-- PROBLEM REQUIREMENTS --
Using the data beneath this instruction, retype only the lines from the one that contains "Charming middle aged" down to the one that contains "Bed in Swastika Guesthouse Sanur", both included, exactly as they appear.

-- GIVEN DATA --
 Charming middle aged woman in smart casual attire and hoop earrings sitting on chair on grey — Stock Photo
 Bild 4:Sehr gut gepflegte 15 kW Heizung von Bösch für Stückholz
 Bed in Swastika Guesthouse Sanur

--

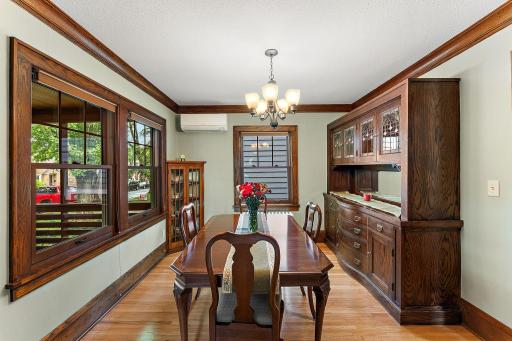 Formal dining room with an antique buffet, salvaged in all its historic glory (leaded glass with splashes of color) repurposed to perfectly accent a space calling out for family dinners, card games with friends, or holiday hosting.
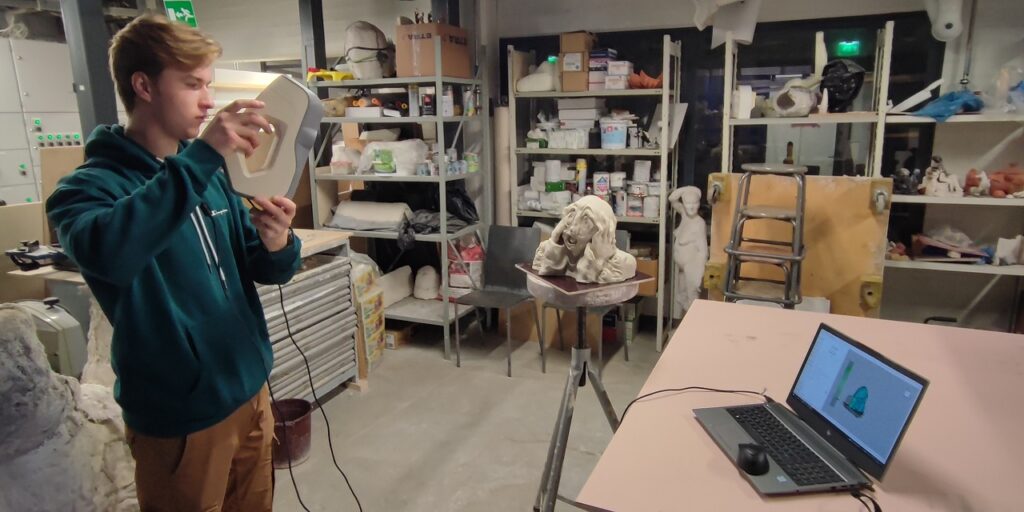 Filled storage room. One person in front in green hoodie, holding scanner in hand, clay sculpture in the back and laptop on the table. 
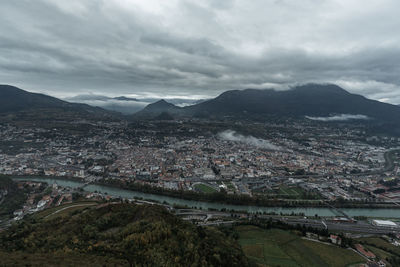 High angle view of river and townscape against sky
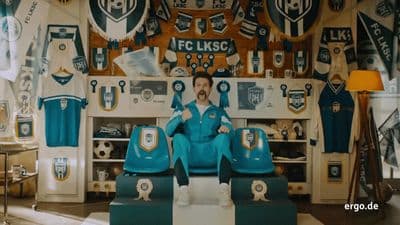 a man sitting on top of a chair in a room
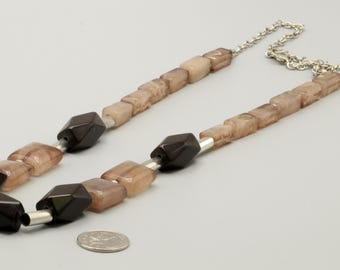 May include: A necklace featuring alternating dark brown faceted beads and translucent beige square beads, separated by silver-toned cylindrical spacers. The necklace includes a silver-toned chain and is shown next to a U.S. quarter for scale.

-- REPLY TO THE TASK --
 Charming middle aged woman in smart casual attire and hoop earrings sitting on chair on grey — Stock Photo
 Bild 4:Sehr gut gepflegte 15 kW Heizung von Bösch für Stückholz
 Bed in Swastika Guesthouse Sanur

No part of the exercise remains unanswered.